Serkan : Ali, kardeşim nerdesin?

Can : Serkan abi, ben Can.

Ses beni şaşırttı, telefonunu kulağımdan kaldırıp ekranda yazan isme baktım, gerçekten de Can'dı arayan. Ama daha önce beni pek aramadığı için şaşırmıştım...

Serkan: hayırdır Can? Bir durum mu var?

Can : çok kötü bir şey oldu... çok kötü...

Serkan : korkutma beni Can... ne oldu?

Can : Ali komiserimin olduğu araç suçluyu yakaladıktan sonra hakimiyetini kaybetmiş ve denize doğru uçmuş. Bir arkadaş kurtulup ekiplere haber vermiş ama Ali komiserimden hala haber yokmuş...

O an dünya durdu sanki... dengemi kaybetmemek için oturdum, başım dönüyor, gözüm kararıyordu... kulaklarım çınlıyordu, hiçbir şey duyamıyordum sanki...

Can : Serkan abi... burdasın değil mi? Söylediklerimi duydun mu?

Serkan : duydum duydum... nerde? Nerdeler şimdi?

Can : adresi biliyorum ama gitmenin bir anlamı yok abi... herkesi uzaklaştırıyorlar ordan ve bize haber geliyor sürekli.

Serkan : tamam oraya geliyorum o zaman...

Bu halde araba kullanamayacağımı biliyordum bu yüzden bir taksi bularak hemen karakola geldim. Ali'nin amiri olduğunu bildiği bir adam da ordaydı ve endişeli bir şekilde haber bekliyordu... adı neydi bilmiyordum...

Yaklaşık 1-1,5 saat geçmişti ki telsizden son bir ses yükseldi...

Ses : hava karardı ve deniz için tehlikeli olan saatlerdeyiz. Artık çalışmaları durdurmak zorundayız, devam etmek cankurtaranlarımız için çok tehlikeli.Üstelik bu kadar saatten sonra ordan canlı birini çıkartmamız imkansız. Ceset araması için yarın sabahın ilk ışıklarında çalışmalara devam edeceğiz. Şimdilik bu kadar...

Ofis birden sessizleşmişti... birkaç kadın polis anında yerini terk ederken diğerleri donuk bakışlarıyla amirlerine bakıyorlardı... hiçbir şey anlamamıştım...

Serkan : bu bizim beklediğimiz haberle ilgili değildi değil mi? Bu başka bir vakaydı... sonuçta sizin gün içinde ilgilendiğiniz bir sürü olay oluyor... bu bizimki değildi...

Amir : çok üzgünüm... bu maalesef ki saatlerdir Ali ve Erdem için beklediğimiz haberdi... gerçekten çok üzgünüm... başımız sağolsun...

O an her şey bitmiş, dünyam yeniden durmuştu.
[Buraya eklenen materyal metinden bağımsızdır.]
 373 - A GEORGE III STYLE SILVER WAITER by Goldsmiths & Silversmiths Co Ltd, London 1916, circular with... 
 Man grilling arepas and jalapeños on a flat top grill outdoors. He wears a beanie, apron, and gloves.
Bu olamazdı... beynimden vurulmuşa döndüm... en yakın arkadaşımı, canım kardeşimi kaybetmek... bu duygunun tarifi yoktu...
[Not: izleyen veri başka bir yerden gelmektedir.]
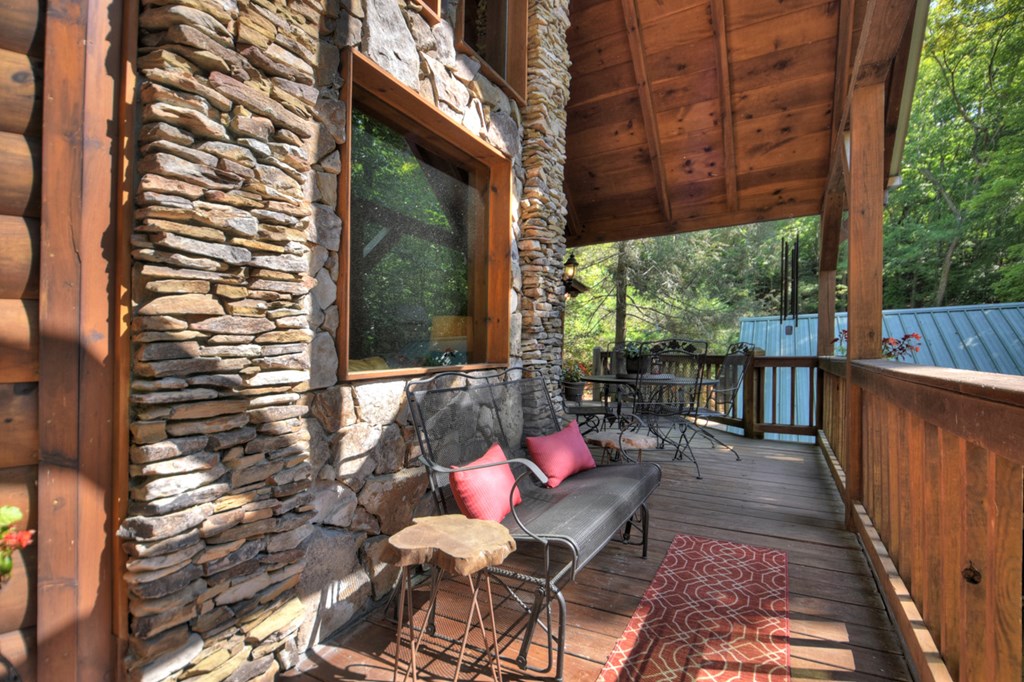 91 Dream Cove Road Cherry Log, GA 30522 - Photo 31 of 83 a view of a patio with a dining table and chairs with wooden floor and fence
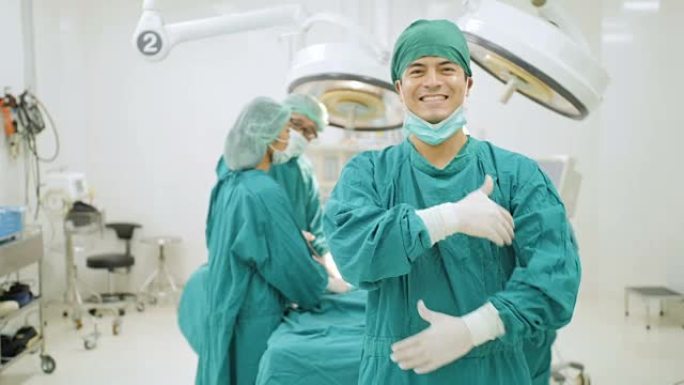 高加索男性外科医生的肖像穿着完整的手术磨砂膏微笑着相机，团队医生在医院手术室为病人做手术。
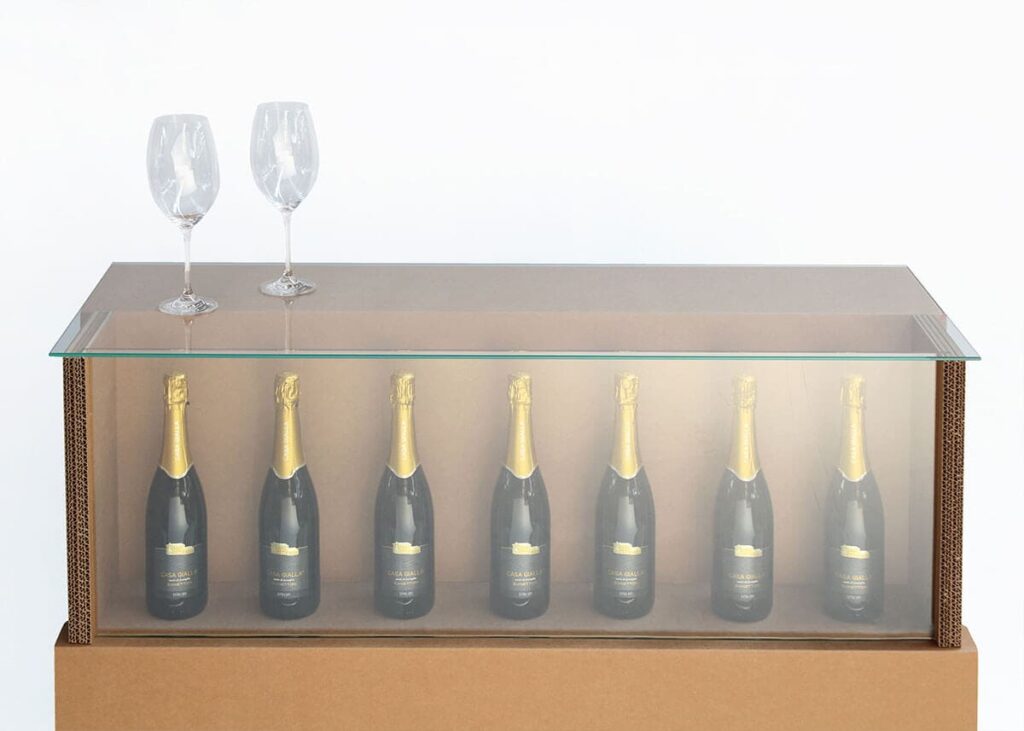 Comptoir en carton transparent avec plateau vitré pour exposition de bouteilles de champagne ou vins dans des événements professionnels et stands événementiels, idéal pour salons et aménagement de points de vente haut de gamme - Le Meuble en Carton une marque du groupe Natur Design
Serkan : hayır... hayır ama bu doğru olamaz... Ali kurtulur, biraz daha arasınlar... neden bu kadar çabuk bıraktılar ki?

Amir : ne yazık ki uzun zamandır arıyorlar... bu saate kadar bulamadılarsa maalesef... Ali çok çok yetenekli bir komiserdi, çok başarılıydı ve yerimi gözüm kapalı emanet edebileceğim tek insandı... onun gibi bir elemanımı kaybettiğim için gerçekten çok ama çok üzgünüm...

Serkan: hayır ama hayır... Ali, kardeşim... siz nasıl bu kadar soğukkanlı olabiliyorsunuz? Bir şey yapın, konumunuzu kullanın, biraz daha arasınlar, Ali yaşıyordur...

Amir : ben bu şekilde eğitim aldım... içim kan ağlıyor ama gerçekten elimden hiçbir şey gelmez. Bir yerden sonra profesyonel olmalıyız, başka türlü bu mesleği yapamayız. Aynı şekilde ailesine de başsağlığı dilerken bu soğukkanlılığımı korumalıyım... çünkü biz bunlar için eğitildik...

Ailesinden bahsettiği an, Eylül'ü düşündüm ve hüngür hüngür ağlayasım geldi... ben, erkek halimle, defalarca ölüm görmüş, duymuş halimle Ali'nin ölümünü kabullenememişken bu Eylül'e nasıl söylenebilirdi ki?